Publiée en 1891, l’encyclique Rerum novarum invite les autorités religieuses à prendre part au développement économique et social. Y prenant appui et s’inspirant des associations catholiques belges les Boerenbond, les membres du clergé inscrivent le mouvement coopératif dans la recherche d’une troisième voie : entre le capitalisme et le socialisme d’État.
L’approche qu’adopte le clergé est certes conservatrice et moralisatrice comme en témoigne la devise du collège avicole Saint-Thomas-d’Aquin : « après la religion l’agriculture ». Mais tiraillée entre la volonté de faire primer l’enseignement des valeurs chrétiennes et la nécessité de bâtir des organisations rentables, la coopération agricole aura été un des univers où l’esprit modernisateur de membres de l’Église s’est manifesté avec le plus de vigueur.

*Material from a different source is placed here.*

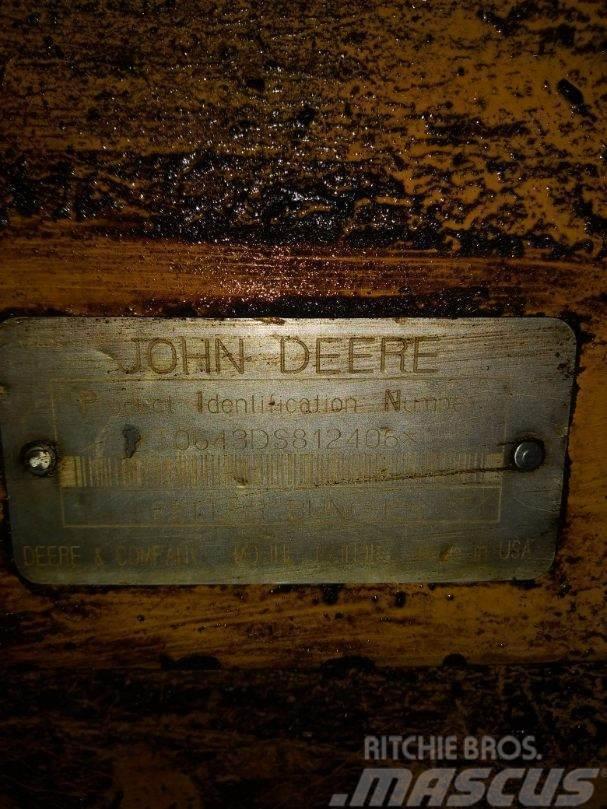 John Deere 643D Döntő-rakásolók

Par exemple, le Comptoir coopératif (fondé par les jésuites quelques années avant d’intégrer la Coopérative fédérée) devait selon l’article 2 des statuts généraux du Comptoir, « travailler au progrès religieux, intellectuel, social et économique de ses membres en prenant à cœur leurs intérêts matériels ». En témoigne aussi la contribution de l’abbé Jean-Baptiste-Arthur Allaire. Des cours de coopération sont dispensés au collège Saint-Thomas-d’Aquin qu’il dirige – il affirmera que « c’est dans ce collège qu’est née la coopération ». Devenu un des pères fondateurs du bulletin hebdomadaire Le Coopérateur agricole, le ministère de l’Agriculture le mandate en 1915 pour développer le mouvement. Dix années après l’adoption de la Loi sur les coopératives agricoles en 1908, le Québec compte 270 coopératives dont la plupart ont profité du soutien actif du clergé.